On Mon, 25 Sep 2006, Vivek Goyal wrote:
One thing I like *very much* in gdb is its ability to display function
params and local variables in any stack frame, and I haven't found out how
to do it with crash.
Agreed. AFAIK, crash does not display the function params and local
variables. gdb has got this advantage, though last time I looked
at local variables dispalyed by gdb, they seemed to be junk. Not very
sure why it was so?
Most probably this is due to compiler optimizations, eg. the register is
reused for another purpose. Recently I was pleased to discover that gdb
6.5 is smart enough to tell the user that a variable has been optimized
out (certainly with help from debug info produced by gcc).

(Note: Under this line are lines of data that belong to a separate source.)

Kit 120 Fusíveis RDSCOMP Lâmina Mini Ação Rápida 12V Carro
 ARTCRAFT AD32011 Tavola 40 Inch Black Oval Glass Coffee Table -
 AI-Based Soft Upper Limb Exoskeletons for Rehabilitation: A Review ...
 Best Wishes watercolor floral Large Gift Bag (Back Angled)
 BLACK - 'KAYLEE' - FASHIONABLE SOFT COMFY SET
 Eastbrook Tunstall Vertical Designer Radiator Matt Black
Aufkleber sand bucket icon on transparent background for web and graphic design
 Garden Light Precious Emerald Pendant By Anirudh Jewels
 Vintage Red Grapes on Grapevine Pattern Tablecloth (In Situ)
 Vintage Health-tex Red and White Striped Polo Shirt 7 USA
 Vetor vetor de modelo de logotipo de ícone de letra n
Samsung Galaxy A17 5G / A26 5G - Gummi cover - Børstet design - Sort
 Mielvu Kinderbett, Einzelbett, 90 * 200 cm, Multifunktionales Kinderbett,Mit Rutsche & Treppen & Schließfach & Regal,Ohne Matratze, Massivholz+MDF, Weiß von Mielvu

I agree that gdb is sometimes very slow, but maybe it's easier to
optimize gdb than to make crash smarter?
I beg to differ here. Not sure why it is easier to optimize gdb. If we
try to optimize gdb by writing scripts, then IMHO, writing C program is
easier and faster. If the idea is to optimize gdb by modifying gdb code
then its no different than crash. In fact, why to reinvent the wheel if
crash already does so many things for us. Yes, but probably we need to
modify crash to be able to obtain function parameters and local
variables.
Oh I only meant that *maybe* gdb deserved some optimizations that would be
suitable for general use, but this is pure speculation. I agree that a
custom modified gdb is in a way akin to crash.
For this particular problem (listing threads), the real fix would be to
add the PT_NOTE entry that each thread deserves, then gdb would let you
do "info threads" instead, and dump nice backtraces of each.
Displaying even the currently non executing threads using "info threads"
and their backtraces is interesting. Crash can already do that. I am
apprehensive about traversing through the task list and dumping every
thread's register state after a crash. There is no gurantee that list is
in a sane state. And in general, we are trying to make crash handler as
small as possible to improve the reliability of dumping operation.
Register state of every non-executing thread is already present in the
vmcore and IMHO, we should write scripts to get info about other
threads then doing it in kernel.
This is exactly what I had in mind, for the very reasons you mentioned.